The beauty of how organized religion works to oppress women is that it teaches women to think of themselves as inferior, and deserving of second class treatment, because it is suppossedly God's will. Women then treat their daughters as second class and spend all their energy on their sons.
There are countless people in this country that still think that Eve came from one of Adam's ribs, which means we were created second, and it is still thought that "man" was kicked out of the garden of Eden because of Eve. Which is why God ordained that females be servants to males and devote our lives to being their servants, having no will and talents of our own. How do you explain evangelical or any other kind of Christianity in this country and the fact that females are the biggest attendees in Church?
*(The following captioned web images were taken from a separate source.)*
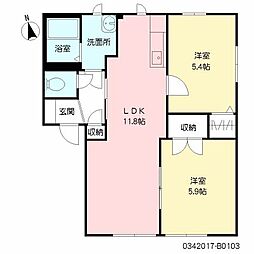 エスピーハウス三重B 2LDKの間取図画像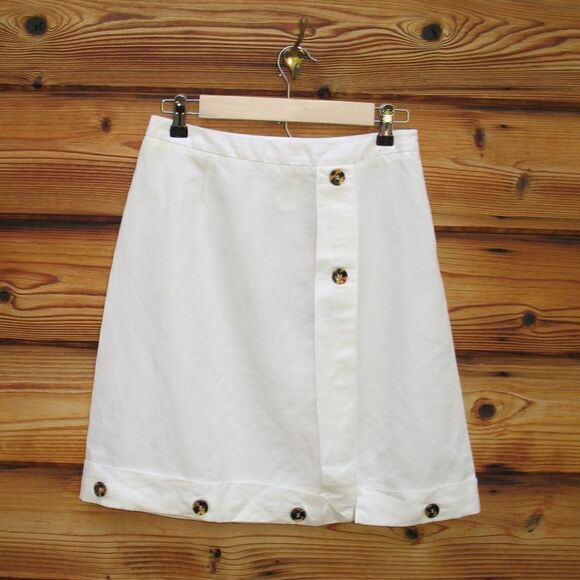 NWT White Linen Blend Skirt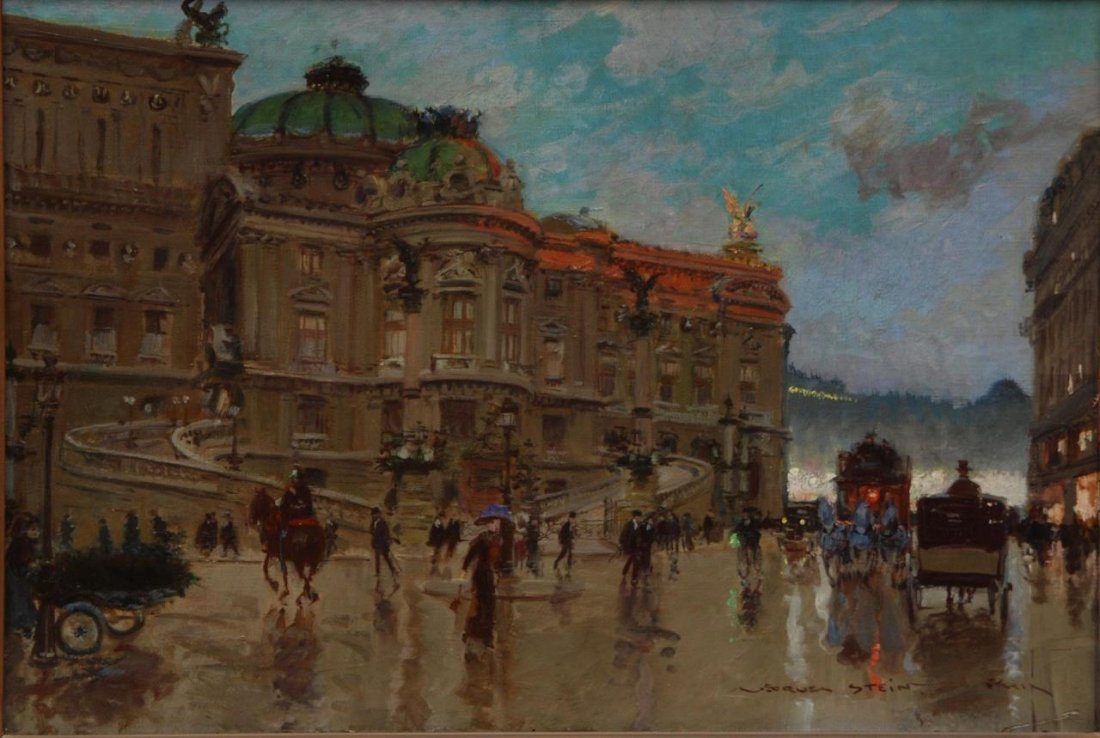 GEORGES STEIN OIL ON CANVAS GARNIER OPERA HOUSE: Georges Stein (FRENCH, 1870-1930) oil painting on canvas depicting the 'Garnier Opera House at Dusk'. Signed to lower right. Mounted in old wooden frame. Measures 15 1/2" height x 21 1/4" width + 5 fr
Men and women have the same number of ribs.
We still haven't undone the second class treatment of women in the US and we've been fighting for it for centuries. And it is women blocking female equality just as much as men. Equality aint't gonna happen overnight in the middle east. It probably won't happen anywhere on the planet, not even here.
NNG, you are out of your mind. I was raised Catholic and they may have told me I'd go to hell for pre-marital sex, but no one was ever killed over it! In fact if we did it all we had to do was go to confession and say a few "Hail Marys" and that was that.
Once in Manhattan I saw a woman in one of those black jaballah things. It was the most frightening thing I have ever seen. I would kill the motherfucker that tried to make me wear one, or die fighting it. Radical Islam is a frightening thing.
'We still refer to people as "mankind" instead of human and God is still referred to exclusively as a he.'
Hey, NNG, did you even read the article? Are you seriously equating the way some folks in this country use nouns with the extreme, outrageous plight of women in Afghanistan?
Do you think it's clever or helpful in any way to automatically throw up the ol' "Christians are just as bad?" every time you're presented with the appalling reality for women in places like Afghanistan? Is this like some kind of knee spasm you are unable to control? You help NO ONE with this kind of pathetic reaction.
Read the article again. Send it to friends. I don't care what political stripe you are, where you go to pray (or not), how much you hate right-wing Christian fundamentalists -- anyone who cares in the least about human rights should be saddened, angered, and mortified by this news, and demanding more from our political leaders.
Thanks, Salon for reprinting this crucial, informative piece.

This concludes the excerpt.